Utilities: How to Complain
Sometimes it seems that it's the utility companies like gas, electricity and water which cause you the most hassle. For example, most people have a tale to relate about a misdemeanour that's happened with their gas bill, whether it's excessive charges, lack of customer service or even cancelling accounts without telling you.
Suzanne, from Ilford, had a problem with her gas and electricity account and it took several telephone calls to clear it up.
"I had a combined gas and electricity account with a supplier, while living in a complex of four new flats. They insisted on calling my Flat B 'Flat 3, adjacent to number xx" which they refused to amend despite several telephone requests. The final straw came when I received a letter, still addressed to the wrong address, threatening to disconnect me for non-payment of the bill which I'd thought I'd been paying. I called them, eventually getting through to a real person, and it transpired that they had cancelled my direct debit payments when the people in the flat beneath me had moved out, and been sending me letters ever since that had been going to the wrong flat.
"After a few choice words I managed to convince them that if they addressed their letters to the correct flat, they would find that the accounts were paid up to date and not cancelled every time the flat downstairs was vacated."
How to Complain about a UtilityThe first port of call, unfortunately, with any utility supplier who you're having a dispute with, is their customer services department. If you've been messed around, over charged, cancelled or ignored,it can be hard to keep a cool head, but it's essential that you don't lose your temper, no matter how badly you feel you've been treated. If it helps, write down exactly what you want to say, and make a list of the points that you need to make in advance so that you make sure you get your points across.
If Utility Customer Services don't HelpThe next step is to try and take the problem up with the supervisor.

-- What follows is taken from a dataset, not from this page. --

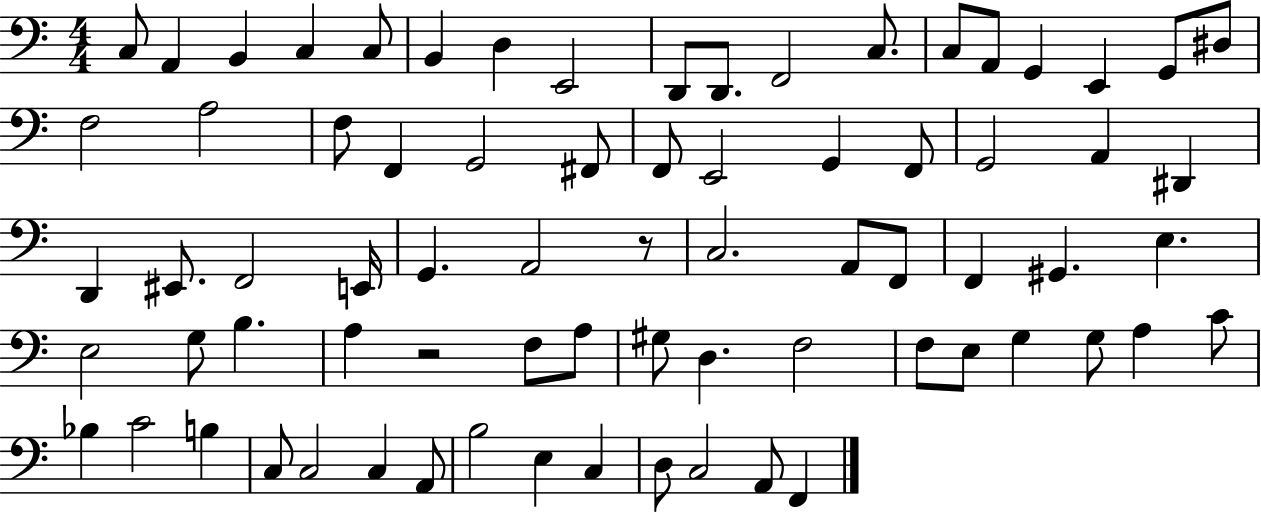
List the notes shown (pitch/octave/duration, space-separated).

C3/e A2/q B2/q C3/q C3/e B2/q D3/q E2/h D2/e D2/e. F2/h C3/e. C3/e A2/e G2/q E2/q G2/e D#3/e F3/h A3/h F3/e F2/q G2/h F#2/e F2/e E2/h G2/q F2/e G2/h A2/q D#2/q D2/q EIS2/e. F2/h E2/s G2/q. A2/h R/e C3/h. A2/e F2/e F2/q G#2/q. E3/q. E3/h G3/e B3/q. A3/q R/h F3/e A3/e G#3/e D3/q. F3/h F3/e E3/e G3/q G3/e A3/q C4/e Bb3/q C4/h B3/q C3/e C3/h C3/q A2/e B3/h E3/q C3/q D3/e C3/h A2/e F2/q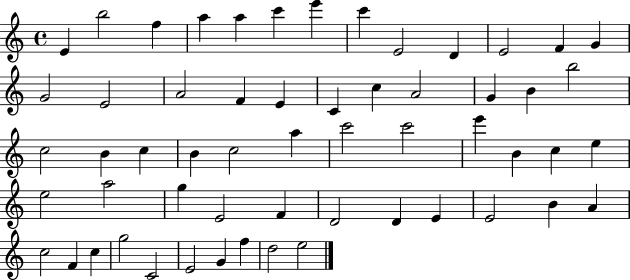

This can be harder to do than it sounds as most customer service representatives are quite protective of their managers. Even so, you can insist that as you're not getting anywhere with the person you're talking to, you want to speak to their superior. Sometimes this can be the step you need to take to get your problem resolved, as the supervisors tend to have more 'power' to override decisions, amend payments and files. They are usually more experienced than their charges too, and will often know ways around problems that the less experienced members of staff haven't had to deal with.
Again, keep your calm. It really doesn't pay to lose your temper.
If You Still Get NowhereThis is when you may feel that it's time to put your complaint in writing. Check the utility company websites for the organisations you're dealing with, to find out what their official complaints procedures are. For example, for British Gas, the channels for complaints are:
- Initial complaint by phone, email or letter.
- Telephone, write to or email the 'Head of Complaints'
- If the complaint is still not resolved after eight weeks, contact the Energy Ombudsman.
All utilities have a 'system' for complaint handling so make sure you do your research and have done everything by the book - even if they haven't!
Final StepsYour next step, if you get nowhere with the utility company and have followed all the correct procedures, is to contact one of the regulatory bodies that deals with complaints about utility services.
Gas - The Energy Ombudsman. Contact them if your complaint has not been resolved after eight weeks.
Electricity - contact the Energy Ombudsman, again after eight weeks if the complaint has not been properly resolved.
Water - you should contact the Consumer Council for Water - an independent organisation that investigates complaints about water companies. If they can't resolve the problem themselves they can refer it to OFWAT (Office of Water Services.)